Print the data below exactly, but only the lines from the one containing "a swimming pool" down to the one containing "a bedroom with a bed and a", inclusive.

# Material for this task

___

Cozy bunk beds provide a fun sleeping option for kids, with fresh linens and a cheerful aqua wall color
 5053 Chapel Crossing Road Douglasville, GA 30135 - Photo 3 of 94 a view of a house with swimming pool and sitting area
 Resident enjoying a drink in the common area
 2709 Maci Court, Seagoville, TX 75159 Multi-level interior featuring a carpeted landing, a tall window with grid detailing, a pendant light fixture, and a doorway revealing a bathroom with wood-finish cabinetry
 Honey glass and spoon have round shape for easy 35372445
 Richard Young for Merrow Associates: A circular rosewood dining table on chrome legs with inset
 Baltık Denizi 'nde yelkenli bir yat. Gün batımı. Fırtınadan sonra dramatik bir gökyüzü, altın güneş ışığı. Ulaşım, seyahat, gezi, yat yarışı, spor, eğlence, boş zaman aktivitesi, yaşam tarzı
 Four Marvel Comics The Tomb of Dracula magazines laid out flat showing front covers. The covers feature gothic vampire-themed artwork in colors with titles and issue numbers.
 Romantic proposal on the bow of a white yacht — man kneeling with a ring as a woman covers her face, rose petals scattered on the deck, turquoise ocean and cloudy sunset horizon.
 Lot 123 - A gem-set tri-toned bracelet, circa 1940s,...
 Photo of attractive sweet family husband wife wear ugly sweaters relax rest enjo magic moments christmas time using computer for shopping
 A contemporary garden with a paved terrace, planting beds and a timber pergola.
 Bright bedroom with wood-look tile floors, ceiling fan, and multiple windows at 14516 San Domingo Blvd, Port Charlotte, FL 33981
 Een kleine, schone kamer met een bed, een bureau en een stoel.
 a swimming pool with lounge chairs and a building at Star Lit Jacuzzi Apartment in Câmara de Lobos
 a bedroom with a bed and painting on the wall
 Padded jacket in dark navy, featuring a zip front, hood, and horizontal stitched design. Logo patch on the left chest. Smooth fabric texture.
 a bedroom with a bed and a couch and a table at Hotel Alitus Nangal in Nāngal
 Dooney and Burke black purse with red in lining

___

# Task answer
 a swimming pool with lounge chairs and a building at Star Lit Jacuzzi Apartment in Câmara de Lobos
 a bedroom with a bed and painting on the wall
 Padded jacket in dark navy, featuring a zip front, hood, and horizontal stitched design. Logo patch on the left chest. Smooth fabric texture.
 a bedroom with a bed and a couch and a table at Hotel Alitus Nangal in Nāngal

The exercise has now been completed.